Tesla only makes electric products and their first product was an electric sports car, called the Tesla Roadster. Originally it was designed with analog motor controllers and two-speed transmissions, which turned out to be completely horrible choices. The prototypes worked, sort of, but they couldn't be mass-produced.



This complete failure has led the Tesla engineers to develop a high RPM electric motor, which doesn't need multiple gears, digital motor controllers, digital chargers ...etc... just a fixed gear ratio transmission.

In 2012 Tesla designed their next, more affordable, electric car, the Tesla Model S. It was a complete redesign of the previous "EV conversion-like" Roadster, so it became significantly more practical ... and somewhat cheaper. In 2016 they made an SUV on the same platform.


This 2012 design was kept right up to the 2017 launch of the Model 3, which had a more advanced, more efficient motor and a more advanced battery pack.


They manufactured a couple hundred thousand Model 3s, it seems to be going well, but now it is time to improve the Model S and X, which still use the old induction motor design with 2012 electronics... just a bigger (100kWh) battery pack.

What they decided to do is to leave the car's architecture alone, and focus just on the old motor+controller technology.
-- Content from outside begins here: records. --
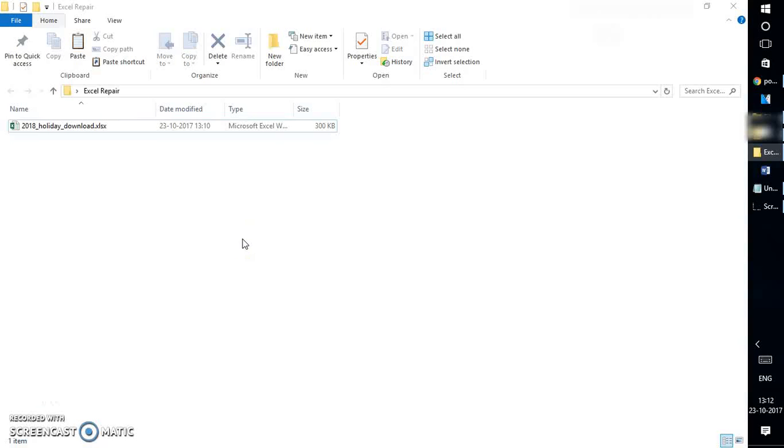Good day everyone, you're watching RayTube. On today's video, I'm going to talk about how to repair your Excel file in Excel 2016. If you like this video, make sure you hit the like button and also subscribe to my channel.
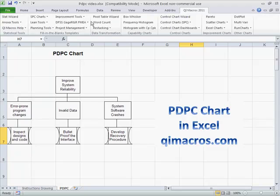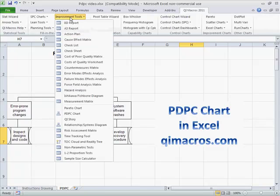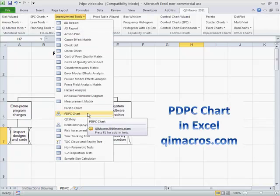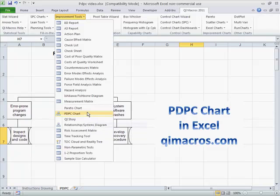In the QI Macros, if you click on improvement tools, go down, you can click on our PDPC chart to get the file to start to work on that.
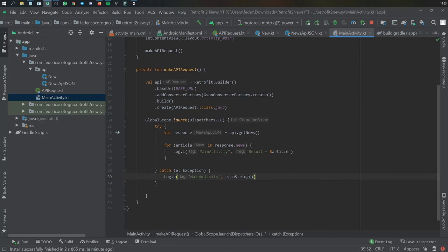But that's actually all I wanted to show you for the second part of this tutorial. Now that we know that the API request is actually successful, we can comfortably move on with our project. But I will leave the RecyclerView and actually putting this data into the RecyclerView for the next part. So thanks again for watching, and I will see you guys later.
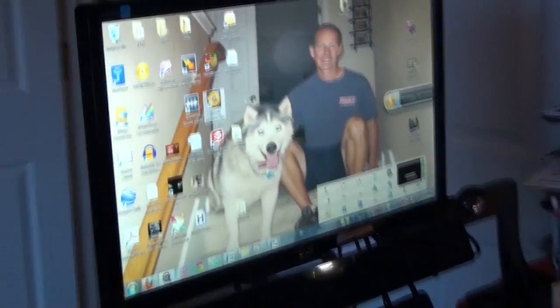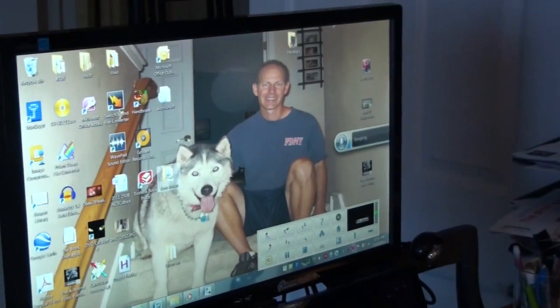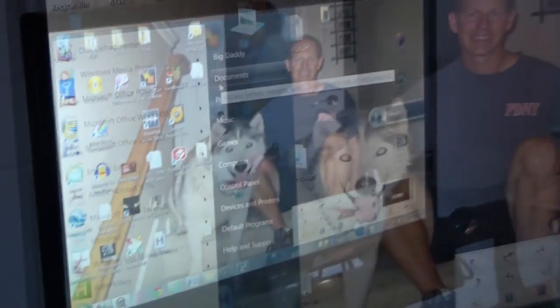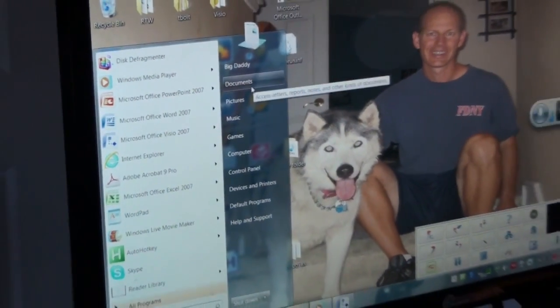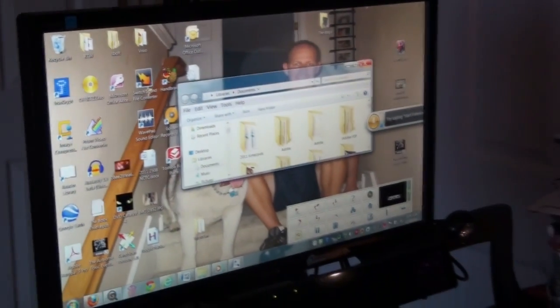I've got control with my eyes now, with a mouse, and let's say I want to go and I want to look at a document. So I want to go to documents, so I'm going to look at it, I'm going to click, and it opens my documents.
Long story short, they replaced the front motor with a permanent magnet motor and silicon carbide controller - technologies originally developed for the Model 3. They also improved the wheel bearings, lubrication and switched to low roll-resistance wheels, so in the end they achieved a >5% increase in efficiency, from the old 92% to 97%.


Officially the new Model S and X with the new front motors and largest battery pack can go 370 and 325 miles on one charge, instead of 335 and 295 miles, BUT in good conditions the Model S can go more than 400 miles and the X more than 360 miles, as MotorTrend recently found out after their real world test.